Salomón dijo: «Todo lo que está debajo del cielo es vanidad, vanidad de vanidades». El hombre se afana y se afana por lograr cosas, por tener éxito, por alcanzar reconocimiento, y aunque muchas de estas cosas no son malas en sí mismas, debemos recordar que todas tienen un fin. Tienen fecha de caducidad, perecen, se desgastan, y aunque en algún momento determinado puedan satisfacernos, en la eternidad no podrán hacerlo. Por eso la invitación es clara: ¡corramos y luchemos por las cosas eternas! Que nuestro esfuerzo mayor no sea por lo que se corrompe, sino por aquello que tiene valor eterno en la presencia de Dios.
Jesús dijo algo muy importante:
35 El cielo y la tierra pasarán, pero mis palabras no pasarán.
36 Pero del día y la hora nadie sabe, ni aun los ángeles de los cielos, sino sólo mi Padre.
37 Mas como en los días de Noé, así será la venida del Hijo del Hombre.
Mateo 24:35-37
Un día el cielo y la tierra pasarán. Todo lo que ahora consideramos importante tendrá su fin. Los bienes que hemos acumulado, los grandes edificios levantados por manos humanas, los carros lujosos, las mega casas, ¡todo llegará a su final! Y de esto debemos estar conscientes, para no aferrarnos a las cosas de este mundo como si fueran eternas. Cuando comprendemos esta verdad, aprendemos a vivir con desapego de lo material y con un corazón puesto en lo que realmente importa: nuestra relación con Dios y nuestra preparación para la eternidad.
El apóstol Pablo lo expresó con claridad en su segunda carta a los Corintios: «No mirando nosotros las cosas que se ven, sino las que no se ven; pues las cosas que se ven son temporales, pero las que no se ven son eternas» (2 Corintios 4:18). Pablo entendía que la vida cristiana no se basa en lo visible y pasajero, sino en lo invisible y eterno. Los sufrimientos, las pruebas y aun los logros de esta vida son pasajeros, pero lo que construimos en Cristo tiene un peso eterno de gloria. Por eso, debemos vivir con los ojos espirituales puestos en lo que no se ve, sabiendo que lo eterno tiene un valor infinitamente superior a lo temporal.
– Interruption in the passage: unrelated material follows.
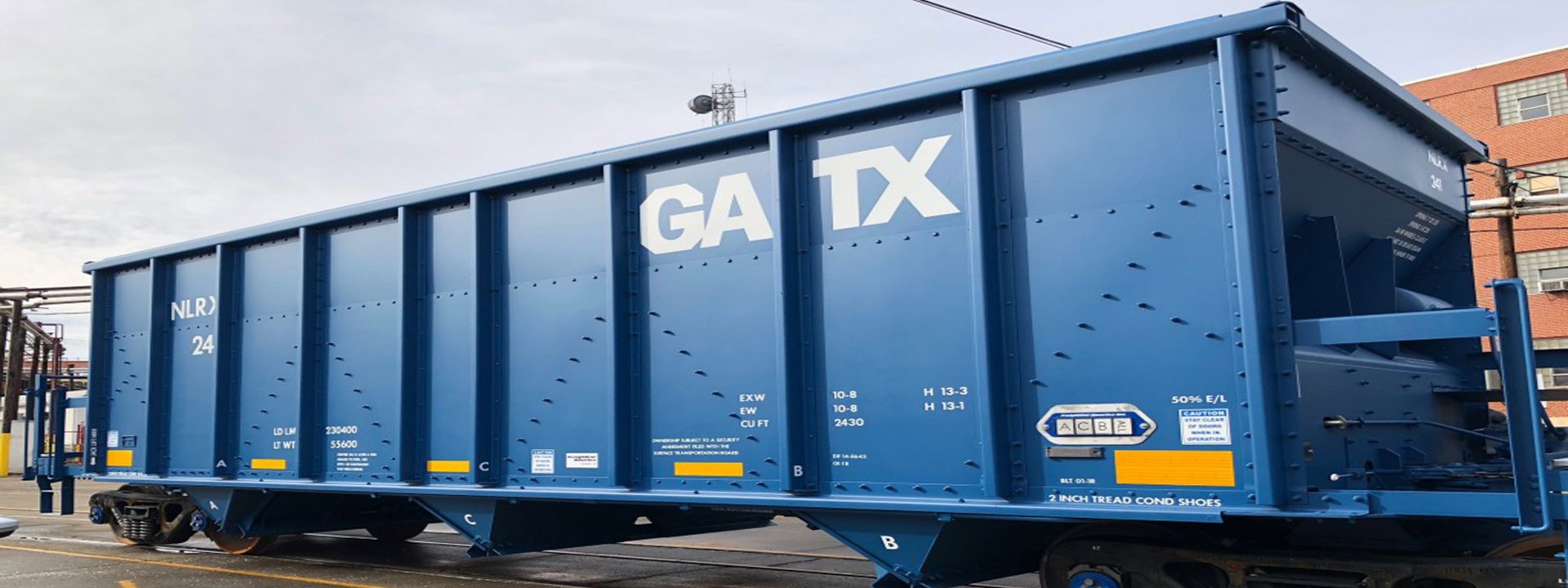 Wagon tombereau à essieux, avec chargement de charbon, wagon exclusif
Jesús también nos advierte que no sabemos el día ni la hora de su venida. Esto significa que debemos estar preparados en todo momento, viviendo como peregrinos en esta tierra y esperando al Hijo del Hombre. Tal como en los días de Noé, cuando muchos se burlaban y no creían hasta que vino el diluvio, así también será en el día de su regreso. La diferencia estará en aquellos que, habiendo creído en la Palabra de Dios, se prepararon para encontrarse con el Señor.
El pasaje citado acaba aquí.